When he says that the company has fought “aggressively against some of the science,” he is positioning the oil industry in a specific space within the known/known-unknown/unknown-unknown continuum. The bread and butter for the industry and denier politicians has always been to hype the uncertainty (so much so that the technique got an entire chapter in my book)—basically, they skip past the knowns (or just lie about them, but that’s another story) and don’t bother with the unknown unknowns, spending decades and countless dollars convincing people that because we cannot see with intricate precision how high the sea will be in 2070 that strong action is futile. They take advantage of the fact that science is more than willing to admit and discuss what things we don’t know to make them seem unknowable. A clear gap in knowledge becomes a vacuum that their disinformation and obfuscation can fill.
Interestingly, it was Donald Rumsfeld’s Pentagon that produced one of the earlier calls from the military to take climate change seriously (they have since been among the only parts of government to consistently sound the alarm). A secret report in 2004 outlined a worst-case scenario where abrupt climate change more or less throws the world into chaos by 2020—in some ways an attempt to take stabs at the unknown unknowns and what they might look like.

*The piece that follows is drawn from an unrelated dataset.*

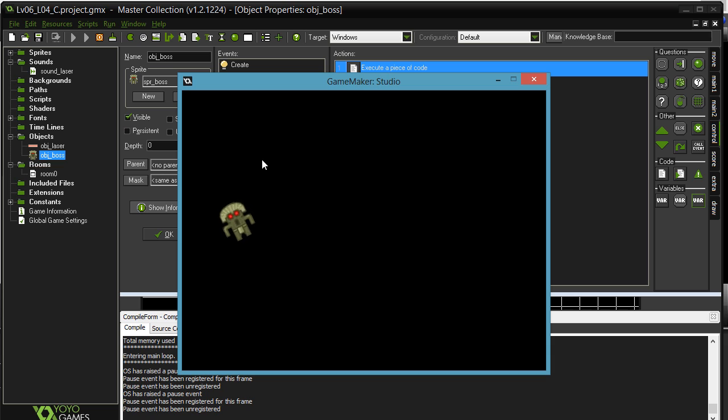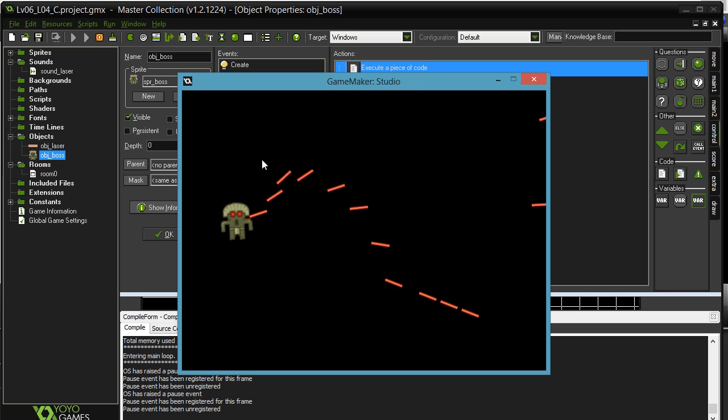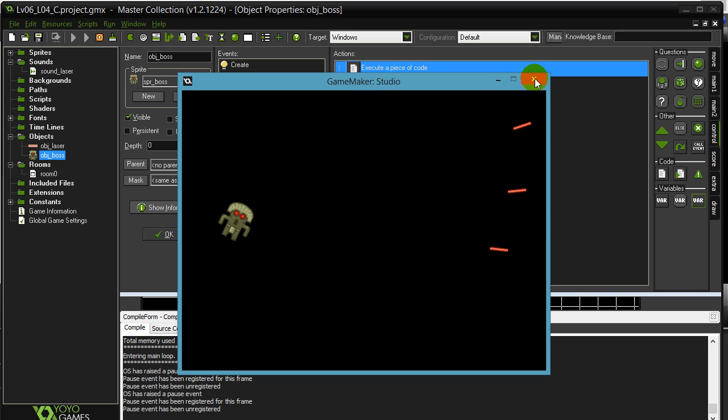I hit the left and right arrows to turn, and when I hit the spacebar, I'm firing some lasers out that fire out. Now how is this all working right now?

Obviously, this most dire possibility (the report deemed in unlikely but “plausible”) did not come to fruition, but the unprecedented heat wave currently baking big chunks of the country is a fairly solid symbol of just how big a failure the seventeen years since that report have been. The ExxonMobil sting operation stands in equally well as an explanation for why that failure occurred—entrenched, powerful companies, “fighting aggressively against the science.” The tactical specifics of oil industry lobbying against climate action could be considered its own form of a known unknown—we were already well aware that they were doing this sort of thing, but every bit of sunshine on the details might help put an end to it eventually.
Back in January, Rhode Island Senator Sheldon Whitehouse gave a speech about climate change on the floor of the Senate. He had done so for the previous 278 weeks the Senate was in session as well, dating back nine years. And then he stopped.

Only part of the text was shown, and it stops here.